I tend to read late at night; this book had a lot going on not all of which I followed. I loved the idea of pocket worlds existing within our own (with slower/faster time in some of them, leading to some interesting clashes) and economies and resource extraction which ensue as a result. I also enjoyed a different take on the horrors of colonization (book takes place in the Dominican Republic and has a lot of references to the Taino people who were the indigenous people of the region). There was a difficult relationship and a (sort of) dead child in this one which was a more fraught/raw part of the story that was challenging. Overall a really good scifi book on some tough subjects.
Khanna is the Congressional rep for Silicon Valley (the only majority Asian district in the continental US). This is a policy-heavy book about how we can use technology not just to make wealthy people wealthier but to allow for more security and opportunity for people all over the US, maybe even the world, without the usual facile “Rural people can all work in help desk call centers!” shallow visions which we often see.

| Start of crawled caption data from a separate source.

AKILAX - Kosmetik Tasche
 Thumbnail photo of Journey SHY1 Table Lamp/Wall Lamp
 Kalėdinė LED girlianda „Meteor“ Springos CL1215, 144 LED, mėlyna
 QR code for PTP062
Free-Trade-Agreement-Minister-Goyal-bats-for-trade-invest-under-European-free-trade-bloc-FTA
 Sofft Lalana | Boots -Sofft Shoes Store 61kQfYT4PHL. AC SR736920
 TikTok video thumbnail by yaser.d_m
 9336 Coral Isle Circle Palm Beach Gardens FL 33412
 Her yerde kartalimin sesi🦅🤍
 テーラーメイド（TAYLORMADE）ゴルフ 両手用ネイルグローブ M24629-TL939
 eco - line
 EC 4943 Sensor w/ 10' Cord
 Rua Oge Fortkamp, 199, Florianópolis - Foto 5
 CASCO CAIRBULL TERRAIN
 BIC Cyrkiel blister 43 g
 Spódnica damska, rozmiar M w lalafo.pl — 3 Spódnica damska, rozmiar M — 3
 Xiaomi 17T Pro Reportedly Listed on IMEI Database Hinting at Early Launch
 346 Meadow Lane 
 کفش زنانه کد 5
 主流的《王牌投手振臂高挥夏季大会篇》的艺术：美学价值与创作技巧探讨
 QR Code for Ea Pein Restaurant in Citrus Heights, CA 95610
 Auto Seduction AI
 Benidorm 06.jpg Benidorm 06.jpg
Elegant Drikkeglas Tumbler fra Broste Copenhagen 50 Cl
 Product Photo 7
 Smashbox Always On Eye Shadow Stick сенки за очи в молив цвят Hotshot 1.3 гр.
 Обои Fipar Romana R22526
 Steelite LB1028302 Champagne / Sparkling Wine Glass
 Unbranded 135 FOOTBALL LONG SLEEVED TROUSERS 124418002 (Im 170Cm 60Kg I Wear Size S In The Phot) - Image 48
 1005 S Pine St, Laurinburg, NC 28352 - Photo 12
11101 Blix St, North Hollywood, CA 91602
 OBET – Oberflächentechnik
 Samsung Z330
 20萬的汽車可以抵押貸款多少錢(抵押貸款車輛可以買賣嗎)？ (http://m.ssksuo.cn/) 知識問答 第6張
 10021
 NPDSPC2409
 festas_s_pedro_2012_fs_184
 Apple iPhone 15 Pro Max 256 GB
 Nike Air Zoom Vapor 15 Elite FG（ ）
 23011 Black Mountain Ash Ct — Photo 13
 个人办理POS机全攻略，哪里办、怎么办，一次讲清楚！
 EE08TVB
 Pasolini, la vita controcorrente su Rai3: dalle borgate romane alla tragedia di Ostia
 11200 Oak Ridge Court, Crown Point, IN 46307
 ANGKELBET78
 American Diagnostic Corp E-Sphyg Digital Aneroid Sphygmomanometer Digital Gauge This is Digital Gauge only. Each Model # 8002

These policy approaches are not cheap, but they are necessary and Khanna makes a good case for many of them.
I like most of KSRs books and this was no exception. It’s kind of about Mars and kind of about a mysterious “icehenge” that shows up on Pluto. It’s told from the perspective of three different people (sequential, not interspersed) and an “Is this an unreliable narration and if so why?” mystery slowly creeps in as the book goes on. It’s one of KSRs older books, so quirky in what “tech” they have and what they don’t. Like you see very few digital cameras and no cell phones though there are interstellar spaceships. I skimmed a few parts but overall liked it.